O professor será o agente chave da escola reinventada. À medida que a aquisição de saber se torna mais e mais um processo de exposição a uma multiplicidade de oportunidades de aprendizagem, essa exposição múltipla torna-se um motivo de crescente sobrecarga cognitiva, se não de total perda de referências. Uma das principais funções da cultura é a de operar como filtro altamente selectivo na nossa estruturação de visões do mundo e na nossa protecção contra sobrecargas cognitivas. A solução para superar estas sobrecargas situa-se ao nível dos processos de contextualização oferecidos pela cultura.

A compartimentação do saber torna possível compreender uma coisa de cada vez, mas simultaneamente nega contextos.
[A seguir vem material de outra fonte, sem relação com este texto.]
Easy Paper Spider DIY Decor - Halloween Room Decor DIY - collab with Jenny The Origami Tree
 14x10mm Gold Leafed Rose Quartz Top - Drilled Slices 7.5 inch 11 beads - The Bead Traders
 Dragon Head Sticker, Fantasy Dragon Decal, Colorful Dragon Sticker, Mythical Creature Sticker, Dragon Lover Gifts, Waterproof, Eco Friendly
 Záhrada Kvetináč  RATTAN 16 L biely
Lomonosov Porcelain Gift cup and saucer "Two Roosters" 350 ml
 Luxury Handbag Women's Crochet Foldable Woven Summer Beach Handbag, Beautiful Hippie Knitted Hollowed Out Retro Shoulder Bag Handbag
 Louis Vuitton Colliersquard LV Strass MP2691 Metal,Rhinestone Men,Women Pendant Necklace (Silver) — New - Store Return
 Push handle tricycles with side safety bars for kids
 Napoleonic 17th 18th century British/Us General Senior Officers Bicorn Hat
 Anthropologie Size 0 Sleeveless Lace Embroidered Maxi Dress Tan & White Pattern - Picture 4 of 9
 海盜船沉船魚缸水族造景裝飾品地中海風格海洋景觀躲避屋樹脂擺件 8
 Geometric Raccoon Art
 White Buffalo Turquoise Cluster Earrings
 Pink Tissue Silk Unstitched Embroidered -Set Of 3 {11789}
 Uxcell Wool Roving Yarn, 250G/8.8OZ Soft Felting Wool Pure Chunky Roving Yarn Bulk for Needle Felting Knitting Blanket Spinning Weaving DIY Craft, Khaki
Ora, num oceano imenso de informação, aquilo a que prestamos atenção é aos contextos, e, em larga medida, são os contextos que oferecem estrutura. A grande preocupação das escolas do presente é compartimentar o saber, em vez de oferecer contextos para compreendermos um mundo de diversidade, em que vivemos cada vez mais sequiosos de saber e mais afogados em informação. A reconciliação entre conteúdos e contextos exige que o desenvolvimento curricular se transforme num projecto mobilizador chave, tanto para os professores como para as autoridades educacionais. O grande desafio já não é o de preparar os professores para usarem as tecnologias da informação nas suas disciplinas, mas o de manter uma reflexão interdisciplinar, e permanentemente renovada, acerca dos modos como enfrentar as oportunidades e as ameaças de uma sociedade da informação.

A formação de professores será forçosamente influenciada por esta perspectiva. Não poderá continuar a ser um debitar de palavras e de práticas para audiências mais ou menos passivas. Terá que transformar-se em trabalho de projecto que mobilize integralmente o vigor e criatividade dos professores. Deverá decorrer no âmbito de um grande projecto mobilizador centrado no desenvolvimento curricular, que saiba criar uma adesão alargada por parte do corpo docente e da própria sociedade civil.

"De que forma vão entrar aqui a Internet e outras redes electrónicas, ou o software educativo?"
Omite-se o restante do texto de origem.